Di nuovo una piacevole certezza: questo romanzo non soltanto non è assolutamente il primo di Jane Austen, ma siamo ben sicuri che sia l'ultimo. In compenso c'è chi sostiene che sia incompleto. Personalmente non lo credo ma è possibile che, se fosse vissuta più a lungo, l'autrice ne avrebbe riscritte alcune parti: ci sono infatti diversi punti in cui si intravedono le ossa della narrazione e la successione degli eventi avviene in modo piuttosto meccanico, senza quel delizioso gioco d'acqua che caratterizza gli altri romanzi, dove zampillano gli uni dagli altri con perfetta naturalezza. In compenso ci sono molti punti dove la prosa è particolarmente bella e ricca di implicazioni, insomma dove la scrittrice scrive meglio di quanto abbia fatto mai - e infatti ci sono molti lettori che lo ritengono il romanzo migliore e lo tengono sull'altarino.
Ecco, proprio sull'altarino forse non lo metto, ma senza dubbio è molto bello.
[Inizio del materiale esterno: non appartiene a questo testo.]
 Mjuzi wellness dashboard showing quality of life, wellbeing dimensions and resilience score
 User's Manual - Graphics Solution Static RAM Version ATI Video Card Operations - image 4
Chi ha frequentato un po' di Harmony sa che c'è una collana dedicata alle...riprese? Ritorni di fiamma? Ad ogni modo il sottotitolo è "C'è sempre una seconda occasione per amare". Per amare lo stesso uomo o la stessa donna, intendono. 
Funziona così: lui e lei si sono incontrati qualche anno prima (sei, sette, comunque meno di dieci), amati follemente e qualche volta perfino sposati, hanno condiviso qualche notte di passione... poi si sono bruscamente divisi, convinti che essersi amati sia stato il più stupido errore della loro vita e che l'altr* li abbia solo sfruttati e/o presi in giro.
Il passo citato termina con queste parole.